My prayer: Jesus, I’m guessing the word ‘pastor’ means so much to You and yet, down here, the word has sadly been run through the mud in recent times. I, for one, Lord, would love to see a restoration of the word and I believe with Your help, it can be done. For Your name’s sake. Amen.
My questions to ponder: So what’s my role in coming alongside God as He rescues the noun ‘pastor’ from the scrapheap of our generation? Am I living a life that honors the word? Are my words and actions congruent with all that’s good in the original recipe Jesus gave this ‘P’ word two thousand years ago?
So what is God speaking to you today as we ponder together The Contemplative Pastor?

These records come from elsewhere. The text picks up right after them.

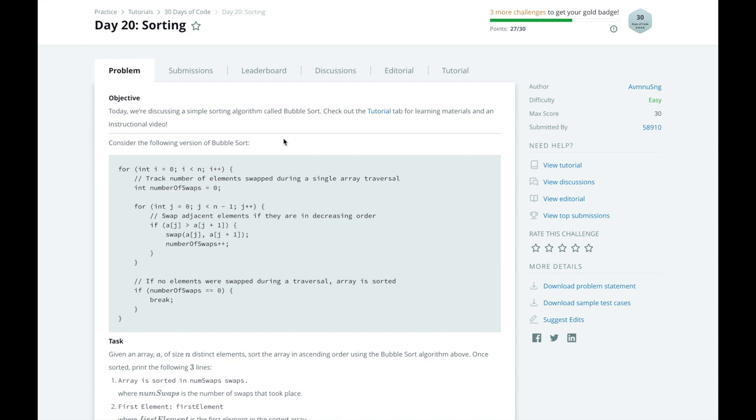Before I get started on today's problem, I want you to help me out by answering a short survey to provide feedback on how this channel could be improved.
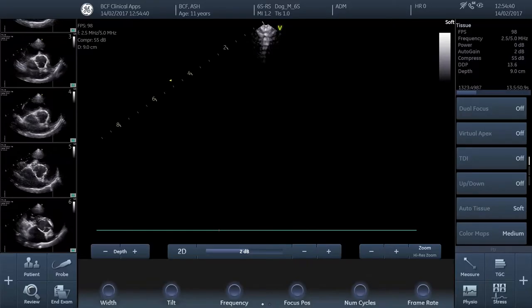Mode scan in the right parasternal short axis view at the level of the mitral valve. If you're already happy and confident acquiring that view, then please carry on. But if you'd like details about how to acquire it, then please click on the link at the end of this video — that'll take you to our basic echocardiography video series. It's worth spending some time practicing to make sure you can acquire it accurately and reliably.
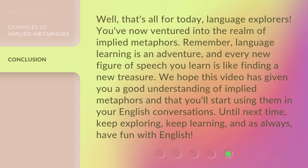Well, that's all for today, language explorers. You've now ventured into the realm of implied metaphors. Remember, language learning is an adventure, and every new figure of speech you learn is like finding a new treasure.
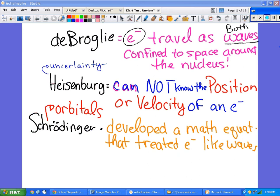Schrödinger proved it all mathematically with those complex equations — and no, you do not have to do his equations on the test. That was a joke. We will get to some math but nothing that crazy.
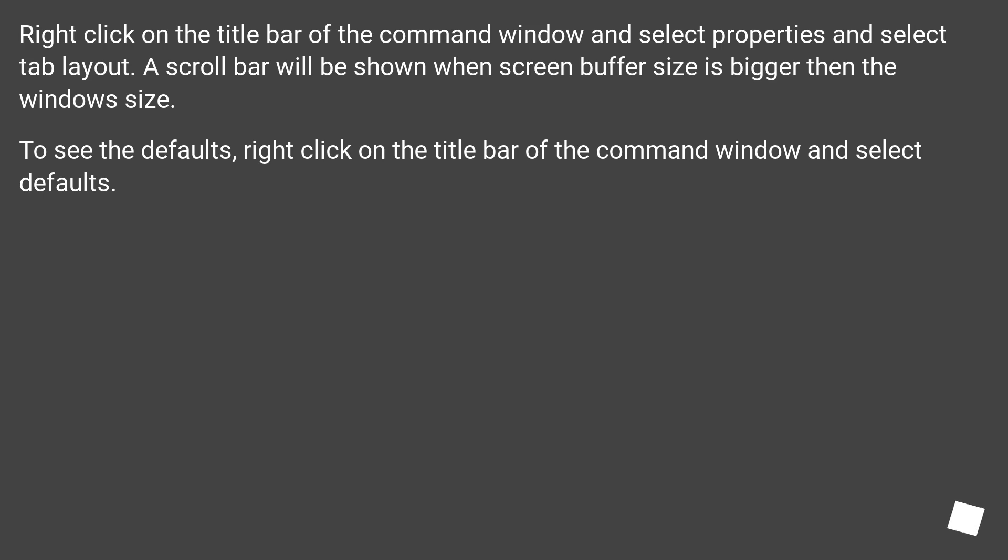Right-click on the title bar of the command window and select Properties and select tab Layout. A scroll bar will be shown when screen buffer size is bigger than the window size.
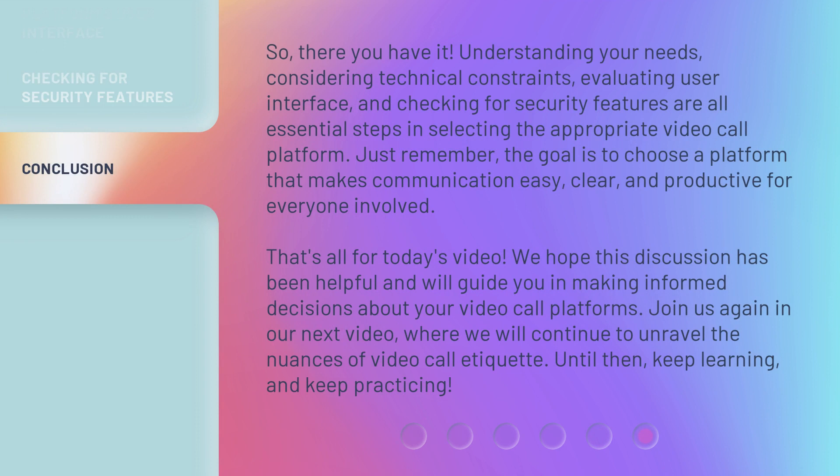So, there you have it. Understanding your needs, considering technical constraints, evaluating user interface, and checking for security features are all essential steps in selecting the appropriate video call platform. Just remember, the goal is to choose a platform that makes communication easy, clear, and productive for everyone involved. That's all for today's video. We hope this discussion has been helpful and will guide you in making informed decisions about your video call platforms. Join us again in our next video, where we will continue to unravel the nuances of video call etiquette. Until then, keep learning and keep practicing.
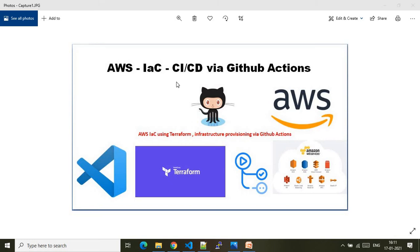In this video I will show you how we can achieve AWS infrastructure coding using Terraform, and achieving the required CI/CD — that is continuous integration and continuous deployment — via GitHub Actions.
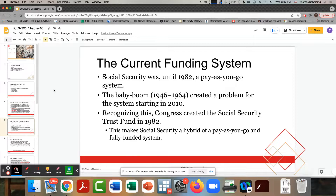Social Security today is a hybrid of pay-as-you-go and fully funded. It was pay-as-you-go until recently, and now the trust fund is being drawn down to keep paying benefits. The problem is the trust fund is becoming exhausted pretty quickly because the baby boom generation is currently retiring every year — a very large group drawing on Social Security, which is complicating the funding issue.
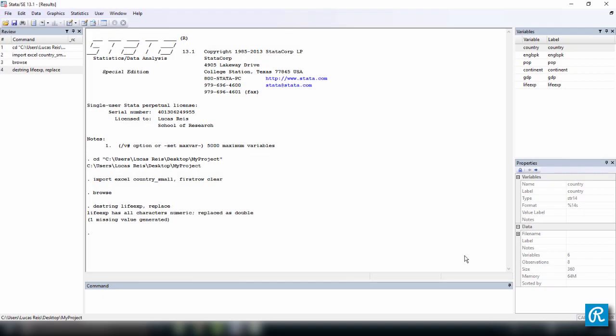In this very short video, I want to show you how you can save a Stata dataset once you have imported your data from a different source like Excel, TXT, CSV, or even from another Stata dataset.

Over a 37-blog series, you and I will take a deeper look at Eugene Peterson’s classic, The Contemplative Pastor: Returning to the Art of Spiritual Direction. In order to keep all the blog sessions organized, we suggest you bookmark our blog series home page for ease of use. Keep in mind that one of the best ways to explore the on-going applications of this blog series is to walk alongside a biblically-based, Christ-centered spiritual director who is familiar with how to make material like this part of your overall spiritual formation in God. Many of our directors in our Contemplative Activist network are available to companion you in your journey with Jesus. Click here for more info.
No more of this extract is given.